* **EXERCISE AIM**
Please reproduce all of the data below exactly, leaving each picture out.

* **DATASET EXCERPT**
● ● ● ● ●

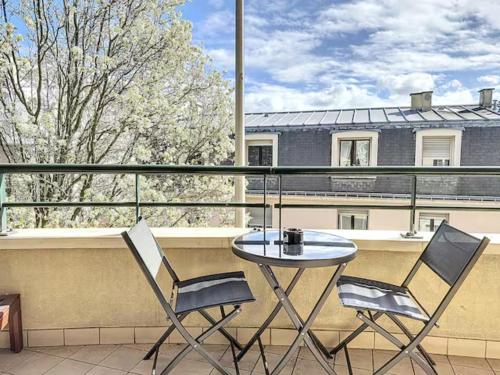 Elle comprend un balcon avec une table et deux chaises. dans l'établissement Theo's Bubble - Paris & Disney!, à Rosny-sous-Bois
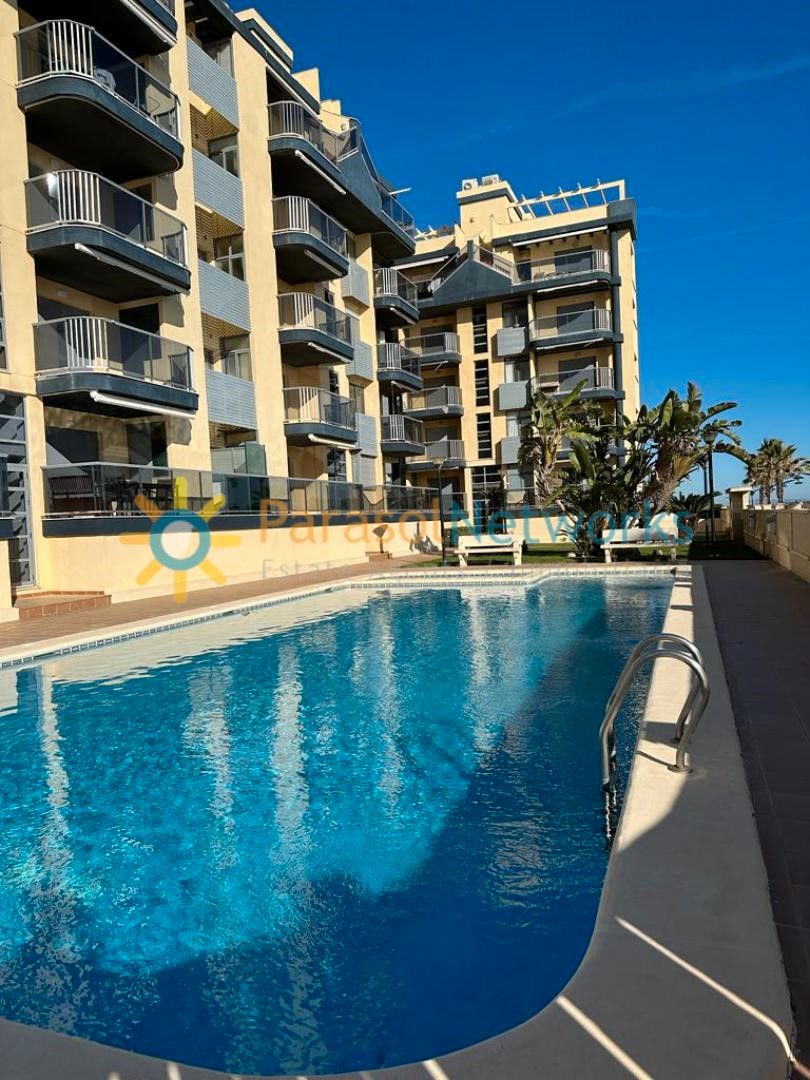 Piscina de Apartamento de alquiler en Guardamar de la Safor con Aire acondicionado, Terraza y Amueblado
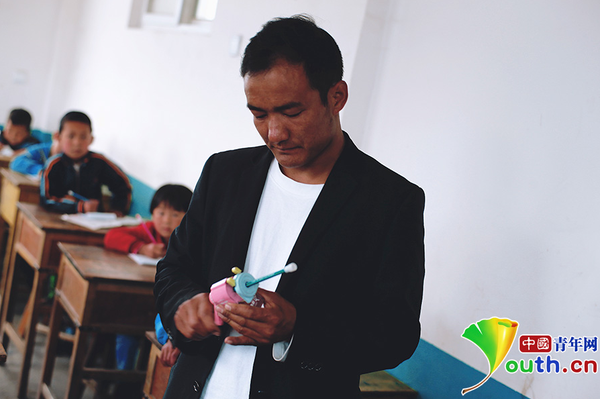 　除了教书，黄三英还要照顾孩子们的各种所需，包括给孩子们削铅笔。在真庄小学，黄三英不仅是孩子们的黄校长、黄老师，还是他们的“黄爸爸”。中国青年网记者 张炎良 摄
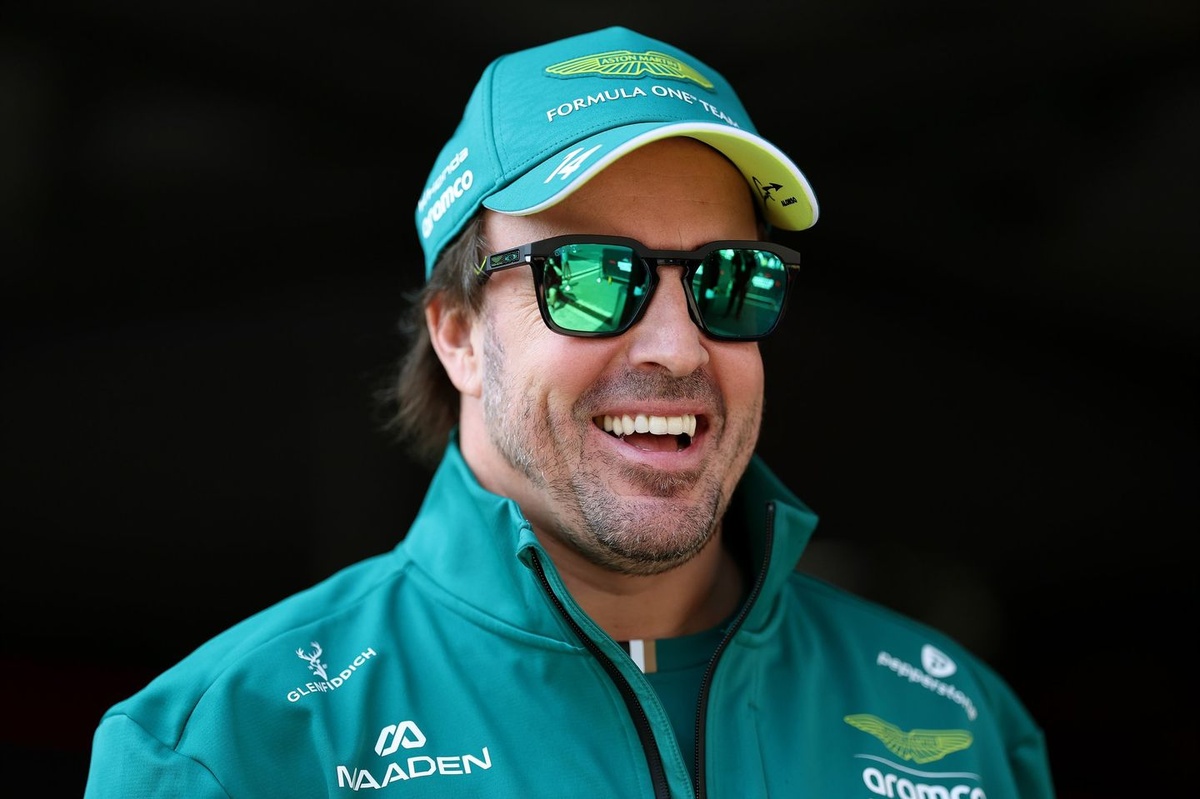 Alonso ve Albon Meksika Yarış taraftar sahnesinde şakalaştı Alonso ve Albon Meksika Yarış taraftar sahnesinde şakalaştı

● ● ● ● ●

* **SOLVED PROBLEM**
 Elle comprend un balcon avec une table et deux chaises. dans l'établissement Theo's Bubble - Paris & Disney!, à Rosny-sous-Bois
 Piscina de Apartamento de alquiler en Guardamar de la Safor con Aire acondicionado, Terraza y Amueblado
 　除了教书，黄三英还要照顾孩子们的各种所需，包括给孩子们削铅笔。在真庄小学，黄三英不仅是孩子们的黄校长、黄老师，还是他们的“黄爸爸”。中国青年网记者 张炎良 摄
 Alonso ve Albon Meksika Yarış taraftar sahnesinde şakalaştı Alonso ve Albon Meksika Yarış taraftar sahnesinde şakalaştı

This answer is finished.